İki dava tarifi yaptık. Biri kişinin içinde boğulduğu, güçlünün eliyle kurulan kurallar için işleyen çarkın ürettiği davalar; diğeri, insanlığın onuru için verilen kavganın, yani etik değerlerin davası. Biri kendi için “ben dava adamıyım” dediği vakit, hangi ‘dava?’ diye sorma hakkımız var elbette. Mesela “Eşit bir dünya için mi sokağa çıktınız da başınıza bir iş geldi?” diye sormak hakkımız. Yoksa davanız ulufe dağıtmak, önüne gelene diz çöktürmek, rüşvetle, rant paylaşımıyla yandaş yaratmaksa, ki buna da ‘dava’ diyebilir kimileri, buradan kahraman olarak çıkamazsınız. An gelir, makyaj dökülür.

İşçinin davasını değerli/kutsal saymamızın nedeni çok yalındır. Bedenini siper ederek, canından can vererek, yaşamak adına direndiği için bu yolda dönüş olmaz. Ailesine, başka hiçbir dayanağı olmadan, ekmek götürmek için bir kavganın içindedir. Hakkını almak ister. Doğuştan gelen, insan olmaktan kaynaklı haktan söz ediyorum. Yani insanlık kavgasının soylu “dava”sıdır bu. Patronsa; avukatlarıyla, düzen bekçisi savcısı, yargıcıyla “dava” açar. Evet, kapitalizmde kuvvetler ayrılığı yoktur. Dolayısıyla her davanın sonucu baştan bellidir. Kimi zaman vicdanlı kimselerin çıkıp, bu dengeyi bozması sonucu değiştirmez. Hatta kimi zaman düzen öyle ister.

Dün iki meczup, dava adamı saydıkları biri için göğüslerini siper edeceklerini söylemişler. Hukuk devletinde: Evlerindeki silahlardan, mermilerden, velhasıl bir tür iç savaş çıkarmaktan dem vurmuşlar. Ne de olsa delikanlılık çağında racon kesmek, hukuk yerine geçiyor. Bir kere kural şudur; kabadayı adam, böyle binlerce polisin, askerin, korumanın ardına saklanıp sallamaz.
Üstelik delikanlılık diye ortaya çıkıldığında güçsüzün yanında durmak gerekir. Mesela, bu meczuplar, biraz popoları sıkıyorsa, gitsinler işçinin yanında dursunlar… Ekmek kavgası veren, masum, hırsız olmayan, yalan söylemeyen insanların yanında… Bu pozlar, bu afra tafra, hep işi sulandırmak için, hakikat ortaya çıkmasın diyedir. Hukuk ancak böyle gölgelenir…

Bugünlerde bana davalar açılıyor yine.

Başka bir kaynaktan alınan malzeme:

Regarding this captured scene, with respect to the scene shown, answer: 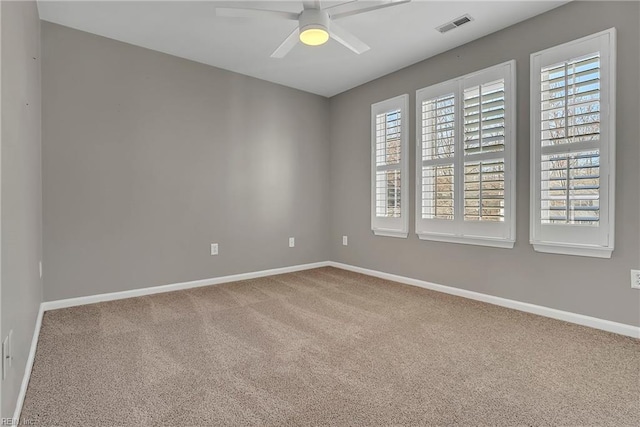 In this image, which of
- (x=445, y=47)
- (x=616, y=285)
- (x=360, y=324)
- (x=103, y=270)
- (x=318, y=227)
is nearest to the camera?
(x=616, y=285)

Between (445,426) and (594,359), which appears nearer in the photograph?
(445,426)

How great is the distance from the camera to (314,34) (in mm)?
2213

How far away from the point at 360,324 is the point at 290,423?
1179 millimetres

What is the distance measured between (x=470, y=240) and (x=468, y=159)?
0.76 metres

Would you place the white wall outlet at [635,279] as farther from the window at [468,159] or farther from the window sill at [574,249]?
the window at [468,159]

Hukuk iktidarın bir aygıtı olduğu için gülümseyerek okuyorum metinleri. Denge şu: Yandaşlar ekrandan dileğince küfür edecek, saldıracak, yalan söyleyip iftira atacaklar, biz susacağız. Eğer tek çıt çıkarırsak, tepemize binecekler. Mertlik düellodan geçer, pusu kültürü geleneğinden gelen bunu anlamaz. Buyurun dava konularını ekranda tartışalım. Mesela “Kabataş Yalanı” iyi bir konu…

“Hukuk Felsefesi” hepimizim hassasiyetle üzerinde durmamız, öğrenmemiz gereken bir bilim. Hukukçuluk: Yetkinlik, görgü, kültür, vicdan ister. Bizim memlekette zor bulunur, biliyorum, böylesi hukuk insanları. Ama var az bile olsa.

Hoş Berkin’in katilini soranın ceza gördüğü, katilin korunduğu bir ülkede, hangi adalettir dağıtılan?
Her birimizin bir davası olacak elbet.

Büyük insanlık davası peşinde koşanlar mutlaka kazanacak, bu böyle biline!